“I have a bad habit of dominating conversations and talking over people. I do it with my friends, coworkers, and even my boss. How can I stop interrupting and become a better listener?”
Conversations may seem like a simple exchange of words, but all conversations actually have a complex structure with rules that need to be followed. One of the most basic rules of conversation is that one person speaks at a time.
When this rule is broken by a person who interrupts, cuts someone off, or talks over them, it can cause the person speaking to feel undermined or even offended. Interrupting less improves the flow of a conversation and ensures that each person feels heard and respected.
In this article, you will learn more about interrupting, what drives it, and how to break this bad habit.

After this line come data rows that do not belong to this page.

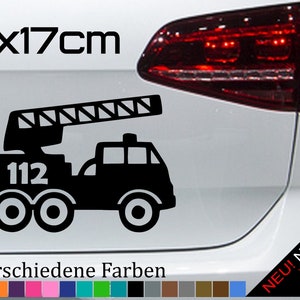 Fire Truck Sticker FFW Ladder Fire 112 Sticker Fire Firefighter 17 x 12 cm in 21 colors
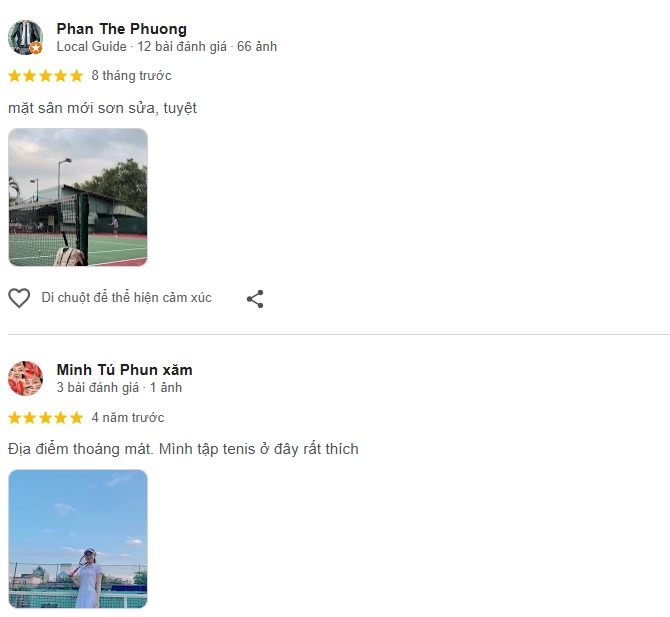 Đánh giá của người chơi tại sân tennis Việt Phố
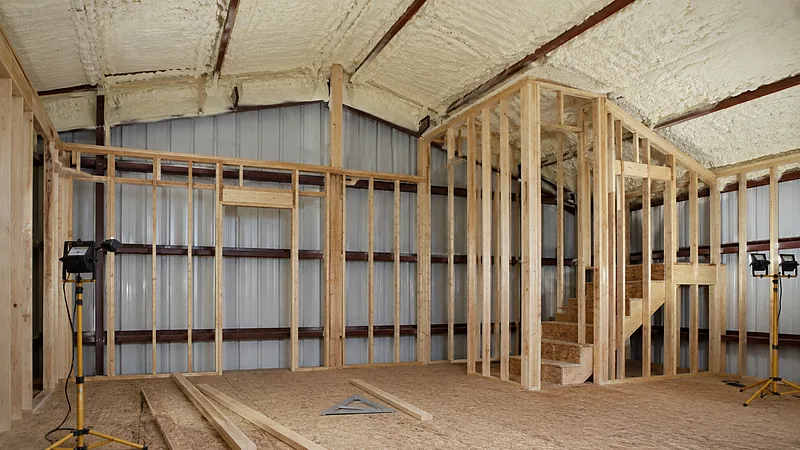 Barndominium spray foam insulation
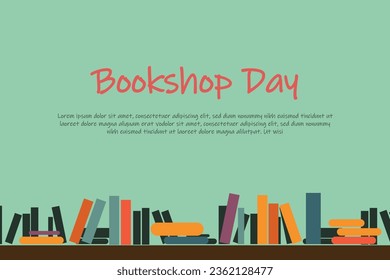 Bookshop Day background. Awareness Books Educational. Vector illustration.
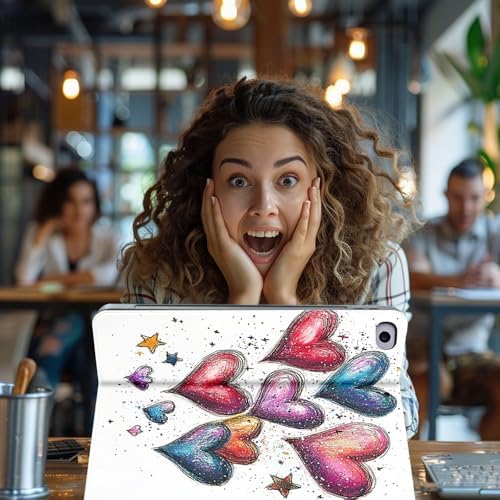 for Microsoft Surface Go 4/3/2/1-10.5" 2021 Tablet Case,Auto Wake/Sleep,Adjustable Stand Protective Cover - Colorful Heart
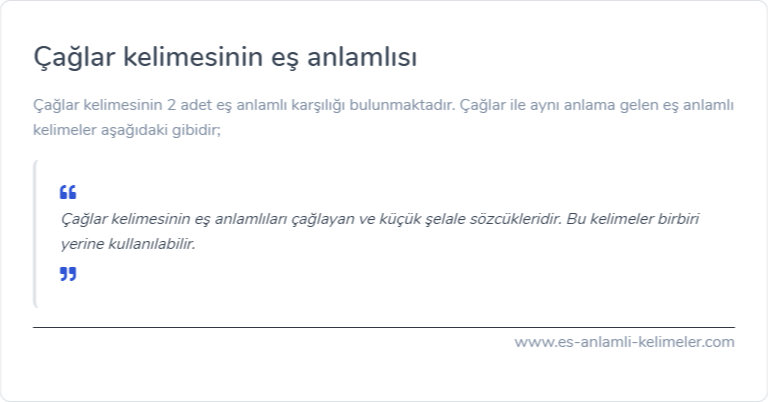 Çağlar kelimesinin eş anlamlısı ne?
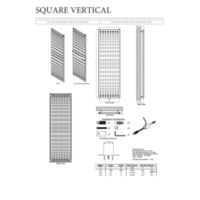 AG Spa Collection Square Bathroom Radiator Technical drawings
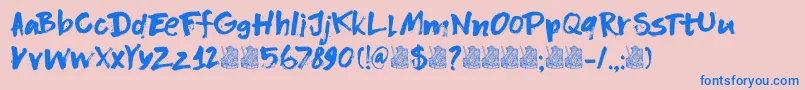 DkFlagellumDei Font – Blue Fonts on Pink Background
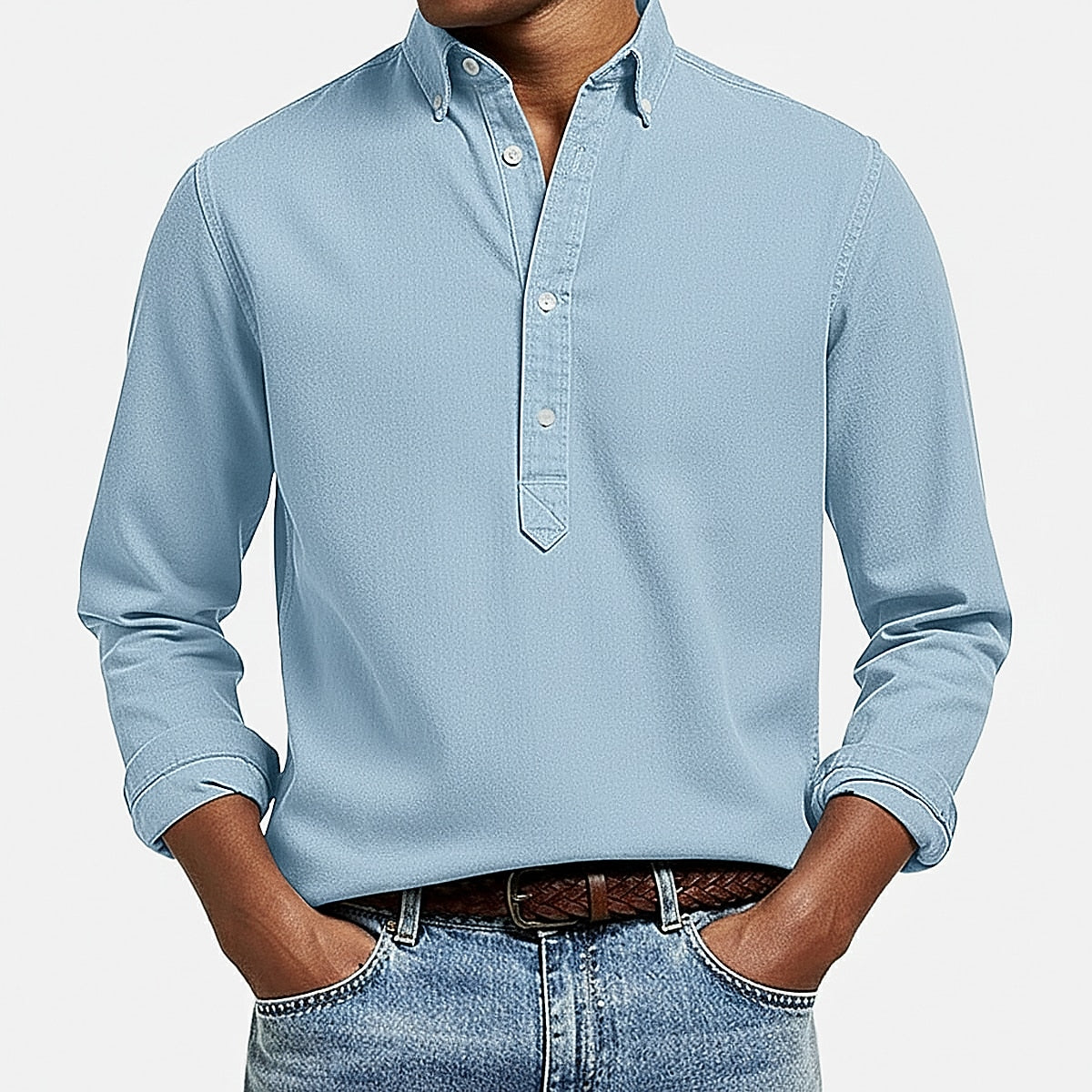 Long Sleeve Cotton Popover Shirt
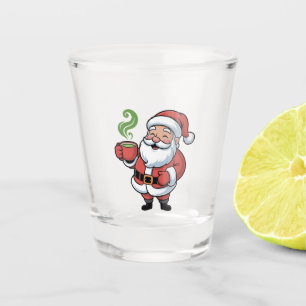 Verre A Shot Père Noël buvant un Noël Matcha
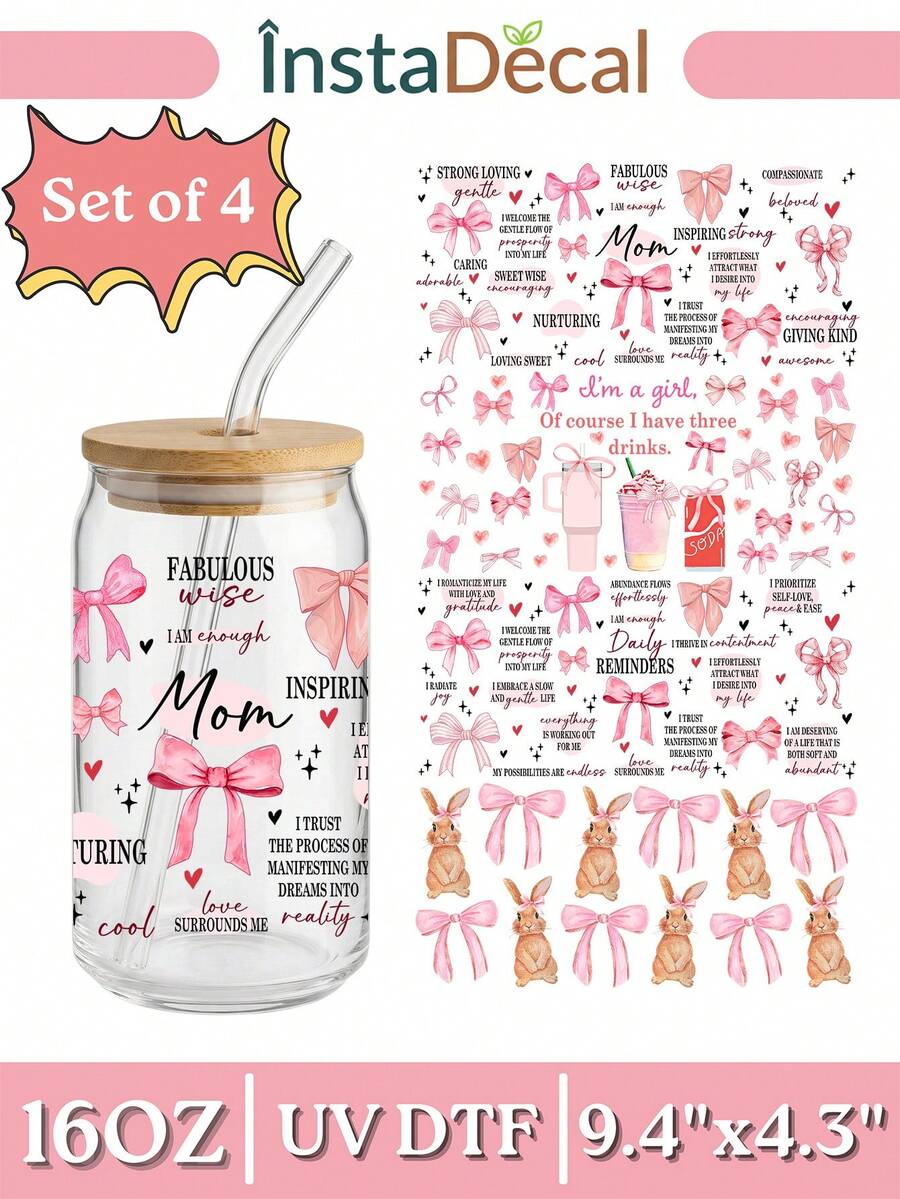 4 件装“妈妈与每日箴言”UV DTF 杯贴，适用于 16 盎司玻璃杯，粉色蝴蝶结兔子和趣味少女饮品转印贴纸，DIY 自爱贴纸（9.4x4.3 英寸） - Coquette02 - 查看 1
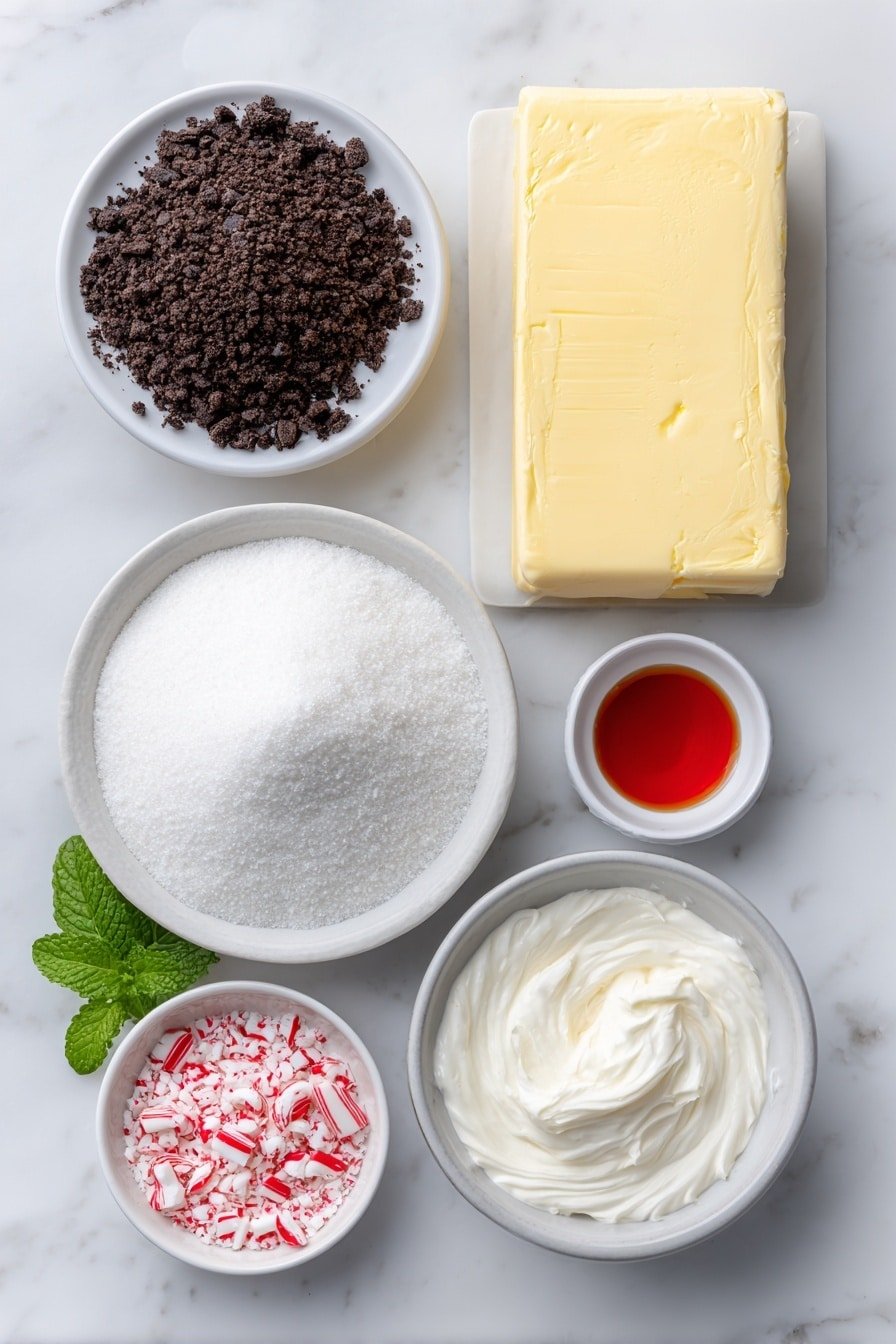 Easy Peppermint Pie Recipe - Ingredients Image — Easy Peppermint Pie, festive peppermint pie, holiday dessert with peppermint, quick peppermint pie recipe, Christmas dessert ideas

When people talk over one another, finish each other’s sentences, or interrupt, conversations can become one-sided. People who interrupt a lot are often seen as rude or dominant in a conversation, which can lead others to become less open and honest. Miscommunications become more likely to occur, and people have a harder time feeling close and connected to each other. For all of these reasons, following the one-at-a-time rule in conversations is the key to making sure a conversation is productive, respectful, and inclusive.
While interrupting someone can make them feel offended, bad, and disrespected, this isn’t usually the intention of the person who is interrupting. Most of the time, people who interrupt a lot in conversations aren’t aware they’re doing it at the moment or don’t know how it is making other people feel.
Interruptions are more likely to occur in heated exchanges when you feel nervous, excited, or passionate about something you’re talking about or the person you’re talking to. Here are some situations where you may be more likely to interrupt someone:
- When you feel nervous, insecure, or concerned about making a good impression
- When you are excited about a topic or conversation
- When you are under a lot of stress to make a good impression
- When you feel close and comfortable around someone or know them really well
- When you are distracted by something else
- When you have a lot of thoughts in your head you want to share
- When you feel a sense of urgency or there is limited time left to talk
If you have ADHD, you may be more easily distracted and more likely to interrupt people.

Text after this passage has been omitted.